Recently, several studies reported that the optimum temperature for the initial slope [IS(Ci)] of the light-saturated photosynthetic rate (A) versus intercellular CO2 concentration (Ci) curve changed, depending on the growth temperature. However, few studies compare IS(Ci) with ribulose 1,5-bisphosphate carboxylase/oxygenase (Rubisco) properties. Here, we assessed Rubisco activation state and in vitro Rubisco kinetics, the main determinants of IS(Ci), in spinach leaves grown at 30/25 [high temperature (HT)] and 15/10 degrees C [low temperature (LT)]. We measured Rubisco activation state and A at a CO2 concentration of 360 microL L(-1) (A360) at various temperatures.
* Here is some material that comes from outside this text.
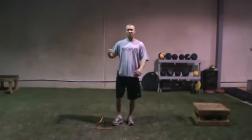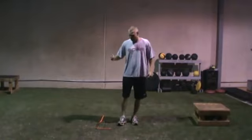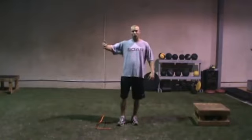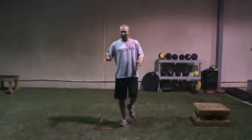Lateral hurdle hop. This is the next progression after the lateral box jump. Just like on the forward two-leg jumps and the forward one-leg hops, we're going to start on the right leg.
In both HT and LT leaves, the Rubisco activation state decreased with increasing temperatures above the optimum temperatures for A360, while the activation state remained high at lower temperatures. To compare Rubisco characteristics, temperature dependences of the maximum rate of ribulose 1,5-bisphosphate (RuBP) carboxylation (Vcmax), specificity factor (Sc/o) and thermal stability were examined. We also examined Vcmax, and thermal stability in the leaves that were transferred from HT to LT conditions and were subsequently kept under LT conditions for 2 weeks (HL). Rubisco purified from HT, LT and HL leaves are called HT, LT and HL Rubisco, respectively. Thermal stabilities of LT and HL Rubisco were similar and lower than that of HT Rubisco. Both Vcmax and Sc/o in LT Rubisco were higher than those of HT Rubisco at low temperatures, while these were lower at high temperatures. Vcmax in HL Rubisco were similar to those of LT Rubisco at low temperatures, and to those of HT Rubisco at high temperatures. The predicted photosynthetic rates, taking account of the Rubisco kinetics and the Rubisco activation state, agreed well with A360 in both HT and LT leaves. This study suggests that photosynthetic performance is largely determined by the Rubisco kinetics at low temperature and by Rubisco Kinetics and the Rubisco activation state at high temperature.
最近,多项研究报告称,光饱和光合速率(A)与细胞间二氧化碳浓度(Ci)曲线的初始斜率[IS(Ci)]的最佳温度会因生长温度而异。然而,很少有研究将IS(Ci)与1,5-二磷酸核酮糖羧化酶/加氧酶(Rubisco)的特性进行比较。在此,我们评估了在30/25 [高温(HT)]和15/10摄氏度[低温(LT)]下生长的菠菜叶片中Rubisco的活化状态和体外Rubisco动力学,这是IS(Ci)的主要决定因素。我们在不同温度下测量了二氧化碳浓度为360 μL L⁻¹时的Rubisco活化状态和A(A360)。在HT和LT叶片中,高于A360的最佳温度时,Rubisco活化状态随温度升高而降低,而在较低温度下活化状态保持较高。为了比较Rubisco的特性,研究了1,5-二磷酸核酮糖(RuBP)羧化最大速率(Vcmax)、特异性因子(Sc/o)和热稳定性的温度依赖性。我们还研究了从HT转移到LT条件并随后在LT条件下保持2周的叶片(HL)中的Vcmax和热稳定性。从HT、LT和HL叶片中纯化的Rubisco分别称为HT、LT和HL Rubisco。LT和HL Rubisco的热稳定性相似且低于HT Rubisco。在低温下,LT Rubisco的Vcmax和Sc/o均高于HT Rubisco,而在高温下则较低。HL Rubisco在低温下的Vcmax与LT Rubisco相似,在高温下与HT Rubisco相似。考虑到Rubisco动力学和Rubisco活化状态预测的光合速率与HT和LT叶片中的A360吻合良好。这项研究表明,光合性能在很大程度上由低温下的Rubisco动力学以及高温下的Rubisco动力学和Rubisco活化状态决定。